Cheiroglossa

Scientific classification
- Kingdom: Plantae
- Clade: Embryophytes
- Clade: Tracheophytes
- Division: Polypodiophyta
- Class: Polypodiopsida
- Order: Ophioglossales
- Family: Ophioglossaceae
- Subfamily: Ophioglossoideae
- Genus: Cheiroglossa C.Presl
- Type species: Cheiroglossa palmata (L.) Presl
- Species: C. malgassica (C.Chr.) Pic.Serm.; C. palmata (L.) Presl;

= Cheiroglossa =

Genus of ferns

Cheiroglossa is a genus of fern in the family Ophioglossaceae, subfamily Ophioglossoideae, with two species.

==Taxonomy==
The Smith et al. classification of 2006, based on molecular phylogeny, lumped Cheiroglossa within Ophioglossum, in the Ophioglossaceae.
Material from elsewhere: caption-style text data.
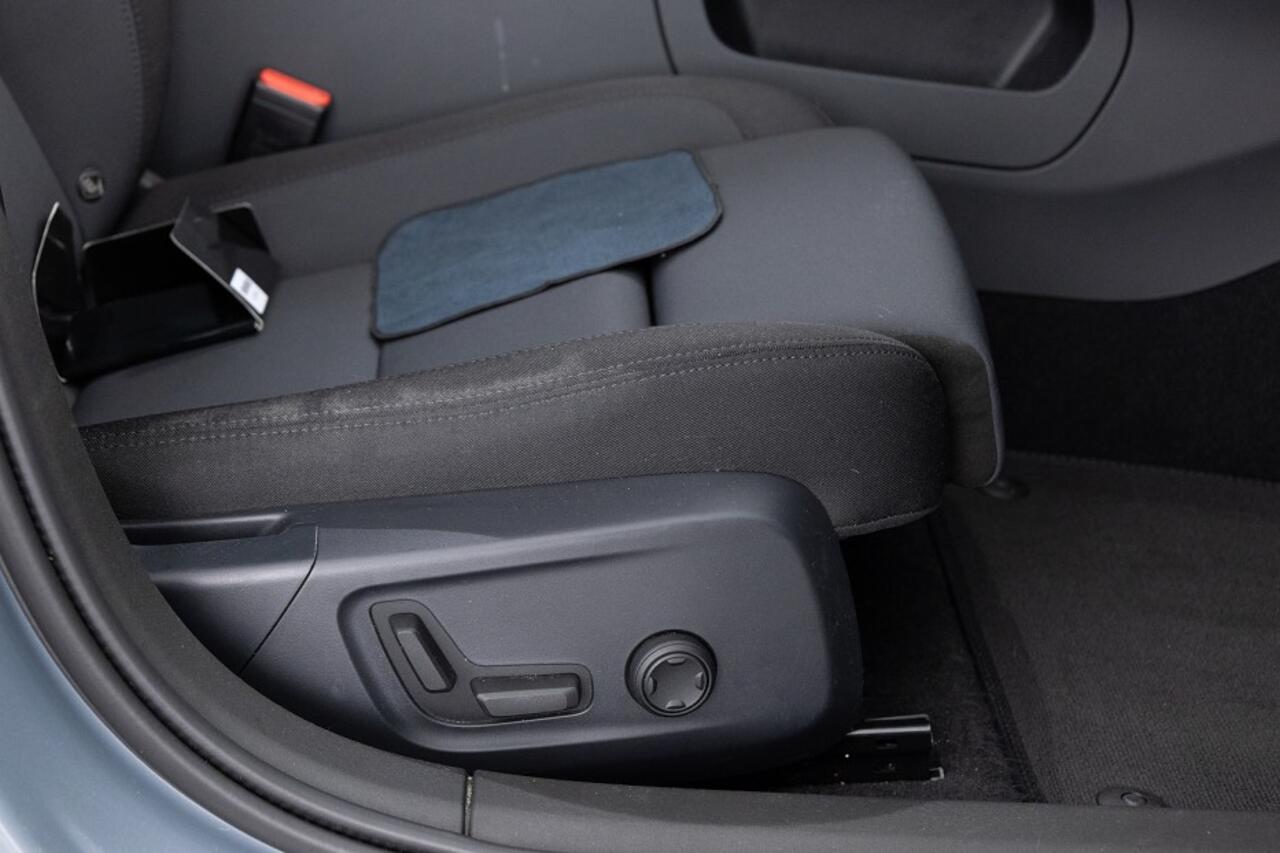 Polestar 2 Long Range Single Motor 78 kWh | SOH 91,3 % | PANORAMA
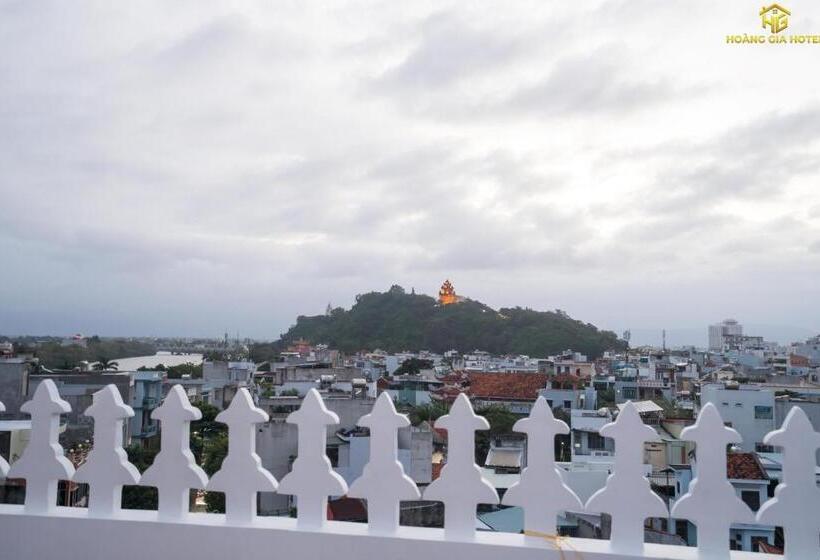 Hoàng Gia Hotel Tuy Hoà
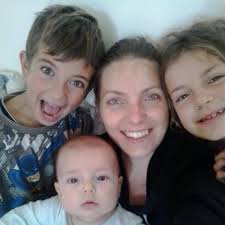 Familien Jensen og Den Australske Drøm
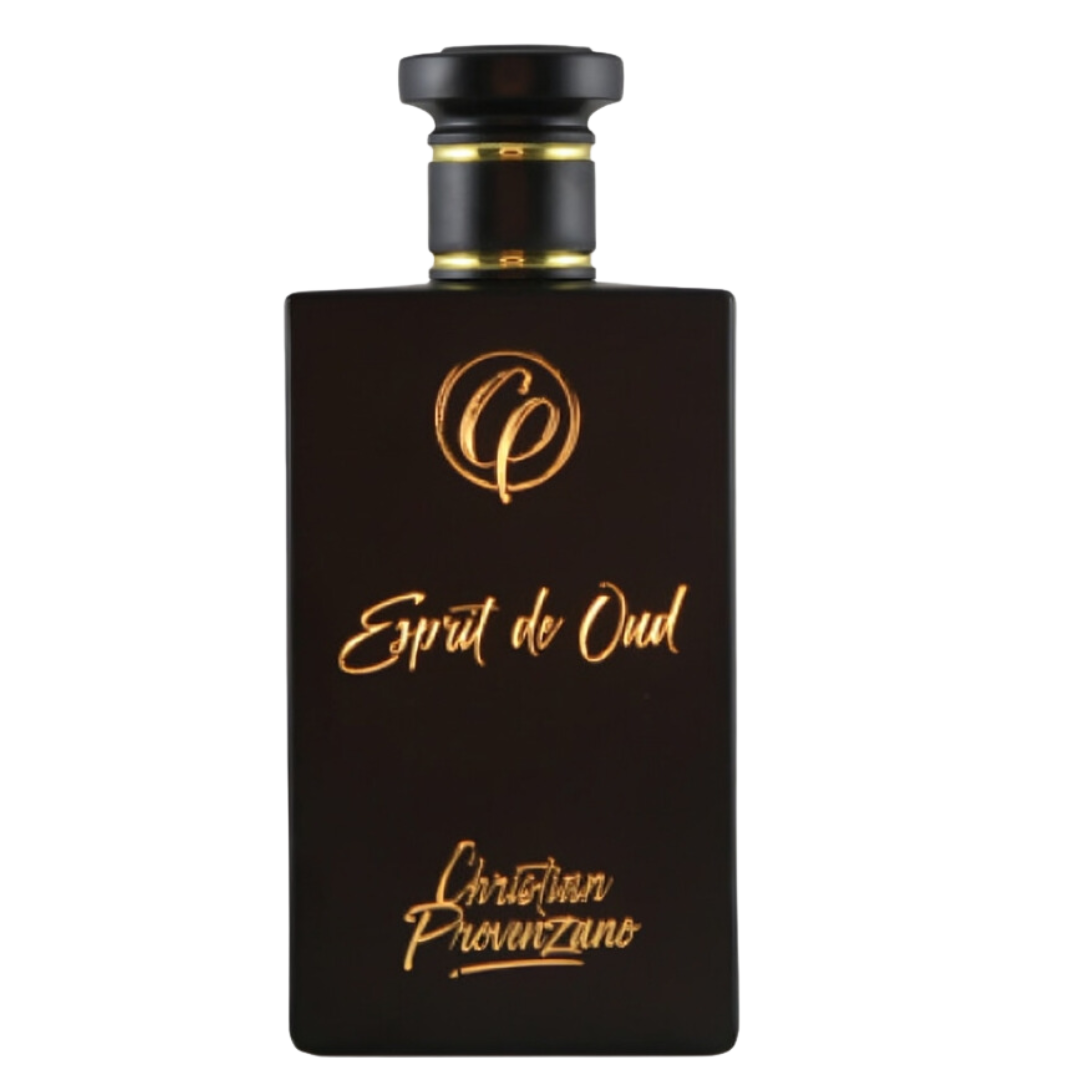 Christian Provenzano Parfums Esprit de Oud for women and men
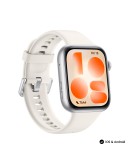 Huawei Watch Fit 5 Niki-B19F White + Huawei Freebuds SE 4 ANC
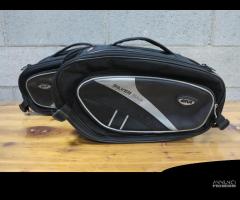 Borse Givi \"Silver Bag\" per moto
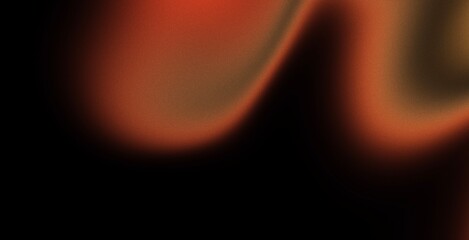 Dark abstract gradient background Dynamic transitioning Smooth waves soft glowing edges modern perfect digital art vibrant minimalist Dynamic fluid 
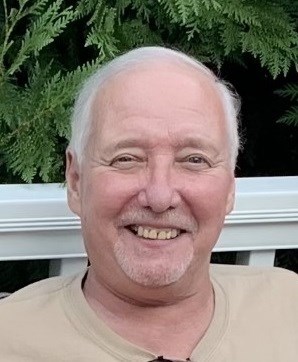 Obituary of Peter Allen Klapp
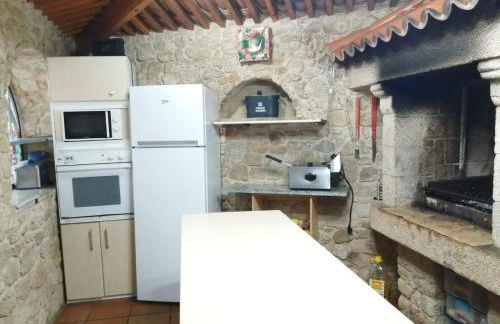 APARTAMENTO RURAL DUPLEX ( 270 metros.) DE 4 HAB. EN TOMIÑO CON JARDIN PRIVADO - Photo 20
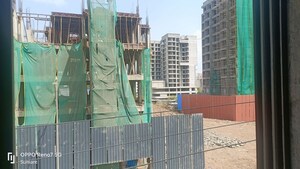 1 BHK Apartment – Exterior View View at Kharghar - for Sale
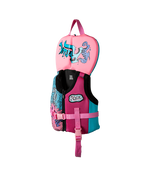 Load image into Gallery viewer, AUGUST-GIRLS CGA LIFE VEST- CHILD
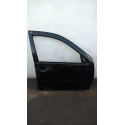 Porta D.d. Volkswagen Golf  Dianteira Direuto Preto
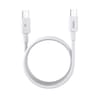 100W USB C Fast Charging Cable PD Type C Data Sync Cord 0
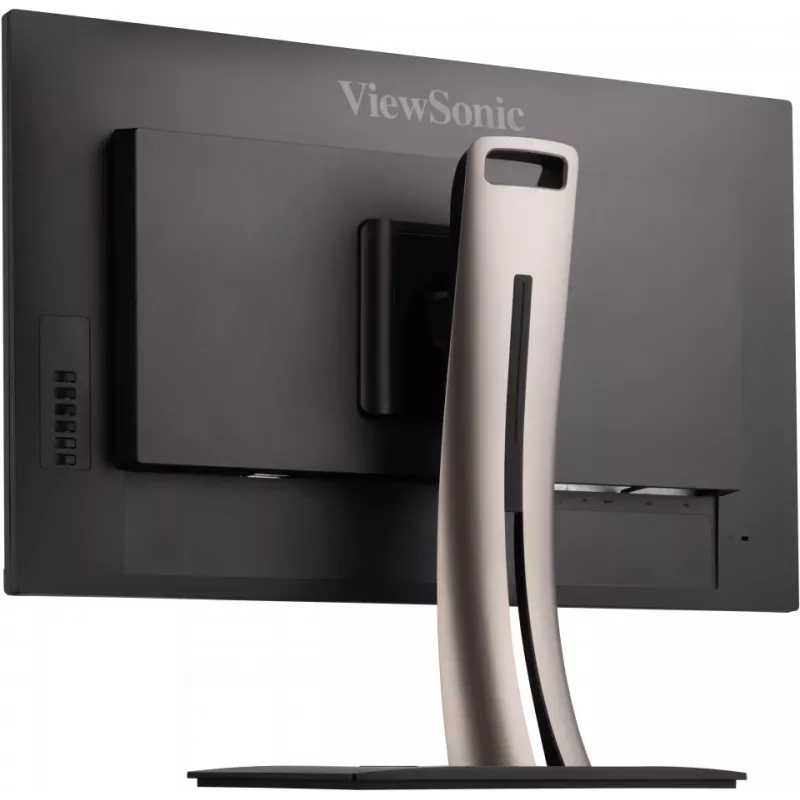 Viewsonic VP56 monitor de ordenador 81,3 cm (32 inch) 3840 x 2160 píxeles 4K Ultra HD LED negro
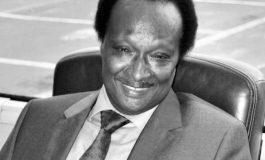Baba Diao, le grand homme d’affaires sénégalais, à tiré sa révérence - Par Majib Sène
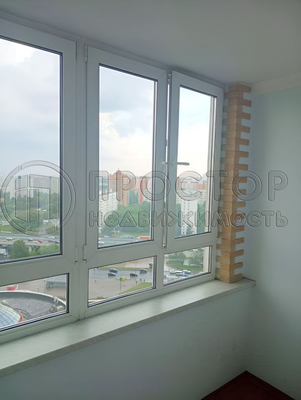 Продам трехкомнатную (3-комн.) квартиру, Академика Янгеля ул, 1к1, Москва г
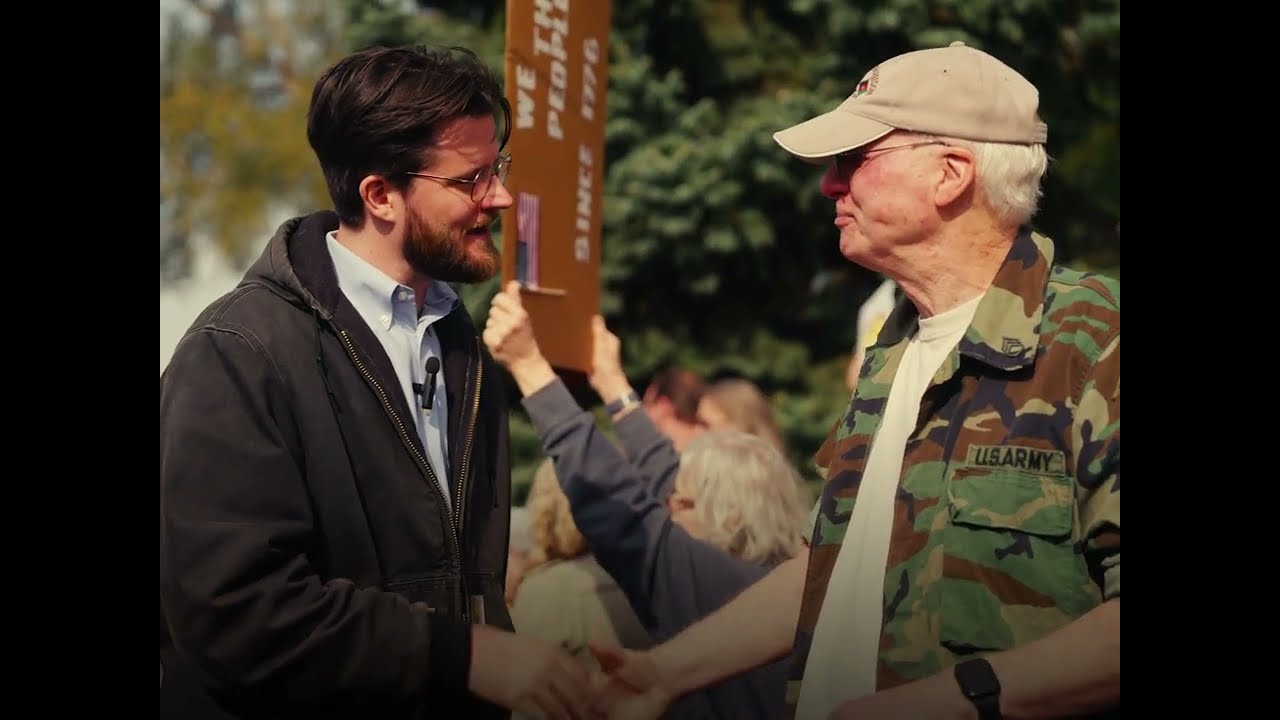 William Lawrence for Congress | Mid-Michigan Forever.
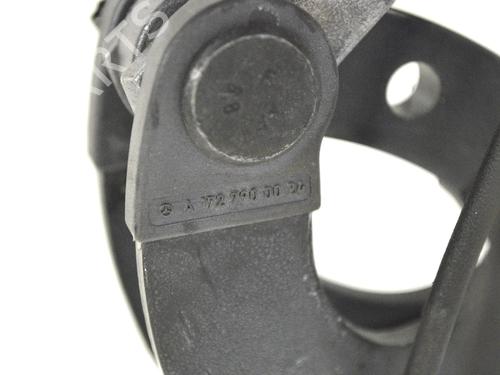 Electronic module MERCEDES-BENZ SLK (R172) 250 CDI / d (172.403) | BP33345404M83 - Image 6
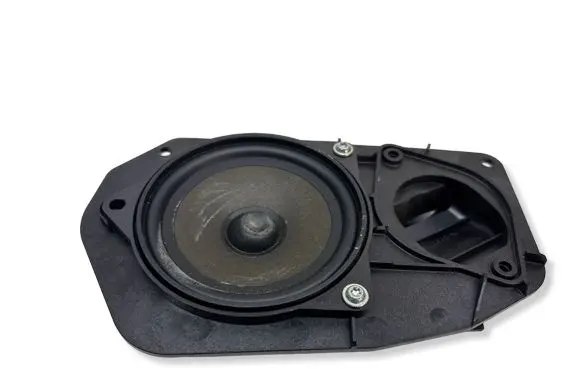 BMW 5 E60 E61 Parcel shelf speaker 43040741984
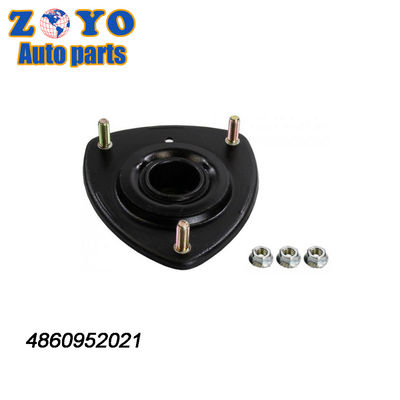 Τμήματα ανάρτησης Toyota Yaris 2005 με τοποθέτηση στηρίγματος και αριθμός αναφοράς UGCGSA50396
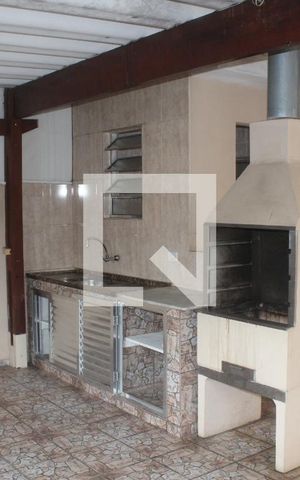 Casa à venda com 382m², 6 quartos e 2 vagasChurrasqueira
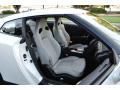 Front Seat of 2011 Nissan GT-R Premium #5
The Christenhusz et al. classification of 2011 maintained it as a separate genus within Ophioglossaceae, as did the Pteridophyte Phylogeny Group classification of 2016 (PPG I), while it was returned to the synonymy of Ophioglossum by the Christenhusz and Chase classification of 2014. The PPG I classification additionally assigns it to subfamily Ophioglossoideae, which corresponds to the circumscription of Ophioglossum used in Christenhusz and Chase.

==Species==
As of June 2026, the Checklist of Ferns and Lycophytes of the World accepts two species:
- Cheiroglossa malgassica (C.Chr.) Pic.Serm.